Após termos meditado, durante cinco domingos consecutivos, o discurso de Jesus sobre o pão da vida, retomamos agora a leitura do Evangelho de São Marcos que nos acompanhará até ao final do ano litúrgico.
No trecho de hoje é levantada uma questão que toca um elemento central da religião judaica: as purificações.
Aos antigos o mundo aparecia divido em duas esferas contrapostas, uma pura na qual operavam as forças da vida, e outra impura onde estavam presentes os germes da morte.
Os Israelitas consideravam impuro tudo aquilo que, de alguma forma, entrasse em contacto com os ídolos inanimados, incapazes de favorecer a vida que é monopólio do «Deus vivo e verdadeiro». A sua repulsa instintiva pelo mundo idólatra manifestava-se em formas exasperadas de separação. Quando, por exemplo, tomavam posse de uma terra estrangeira, durante cinco anos não comiam os frutos dos campos, esperavam até que desaparecesse o mínimo traço de impureza.
A Bíblia prescreve que, antes de comer a carne dos sacrifícios do templo, o sacerdote lave as mãos e os pés, mas alguns grupos de leigos, particularmente devotos, tinham também adotado nas suas casas os hábitos dos banquetes sagrados dos sacerdotes; a pouco e pouco, esta prática tinha-se difundido entre o povo, dando origem à convicção de que o preceito tivesse sido ditado pelo Senhor. A fórmula que habitualmente se recita era a seguinte: «Bendito és Tu, Senhor Deus nosso rei do mundo, que nos santificastes com os teus preceitos e nos mandaste cumprir a lavagem das mãos».

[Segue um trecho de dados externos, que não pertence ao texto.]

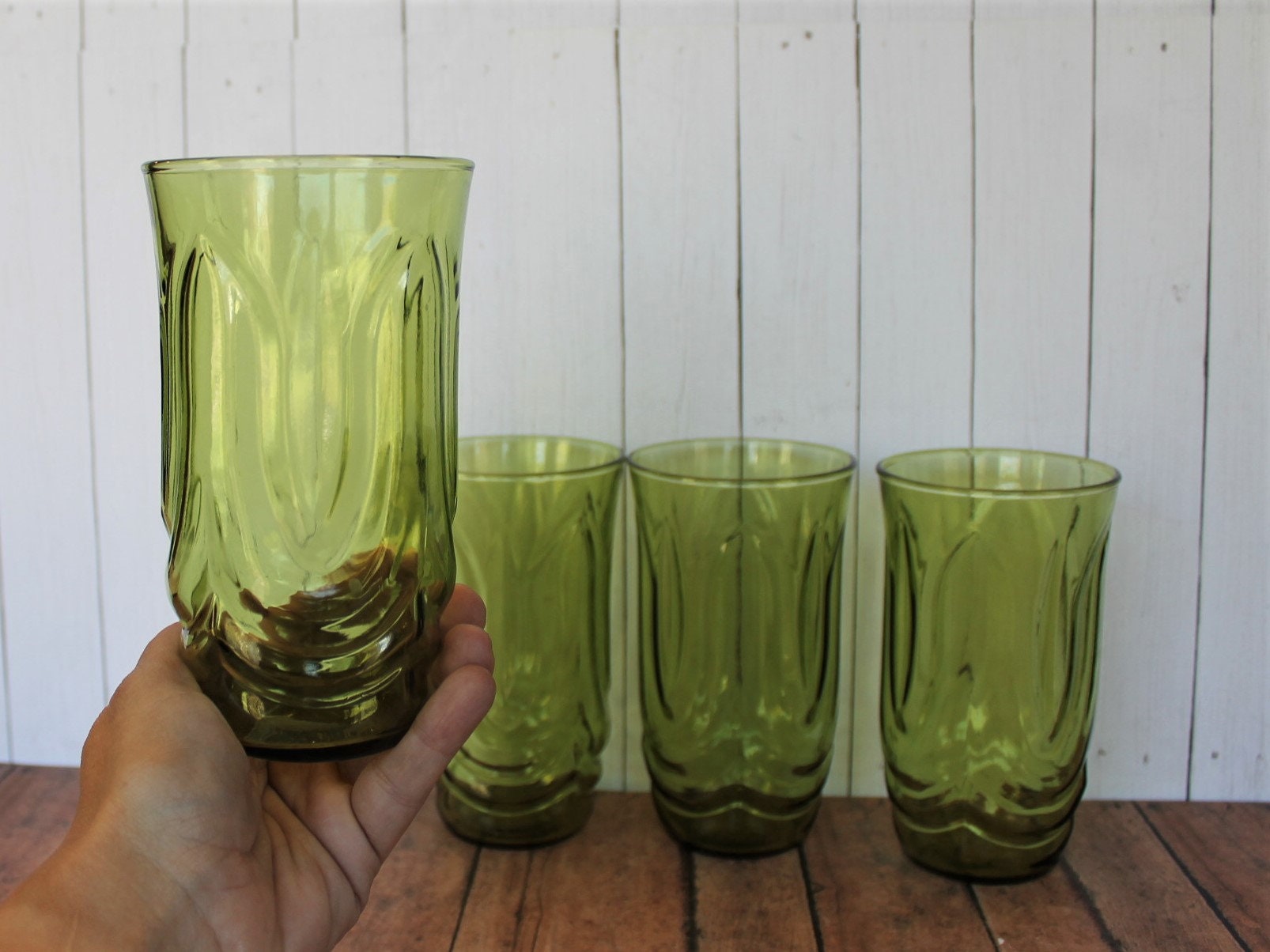 Vintage Anchor Hocking Tulip Avocado Green Glass Tumbler Set of 8 Large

No trecho de hoje, aqueles que divinizam estas tradições são qualificados como hipócritas, ou seja, atores, comediantes que cobrem o rosto com a máscara da religiosidade, da devoção, da docilidade, que se comportam como pessoas piedosas, mas que, descuidando o único culto que agrada a Deus – o amor ao irmão – honram o Senhor apenas com palavras e com os lábios, não com o coração.
Os evangelistas não teriam conservado estas palavras duras do Mestre se não tivessem intuído a perene atualidade do risco de introduzir na Igreja este culto hipócrita, e do perigo de pôr no mesmo plano a lei de Deus e as tradições dos homens.
A observância rigorosa de normas claras e bem definidas dá a sensação de que se fez o próprio dever, dá segurança diante do Senhor, leva até a considerar que pode haver algum crédito na relação com Ele.
Construir a própria vida na liberdade dos filhos de Deus, estar continuamente disponíveis para com o irmão, é mais difícil. As exigências da pessoa mudam, e quem ama deve continuamente perguntar-se o que é chamado a fazer, o que lhe é pedido, o que espera dele o irmão. O amor não é ditado por normas, mas inventado momento a momento; pede fantasia, atenção, disponibilidade total e incondicional.
A religião do coração só pode ser praticada por quem atingiu uma fé adulta e madura, por quem é livre, sincero, aberto à luz de Deus e aos impulsos do Espírito. As «criancinhas de Cristo» temem o risco, preferem receber disposições precisas e minuciosas, mesmo se, no seu íntimo, se dão conta que esta religião não liberta, não comunica alegria e serenidade interior, mas apenas tensões e ansiedade.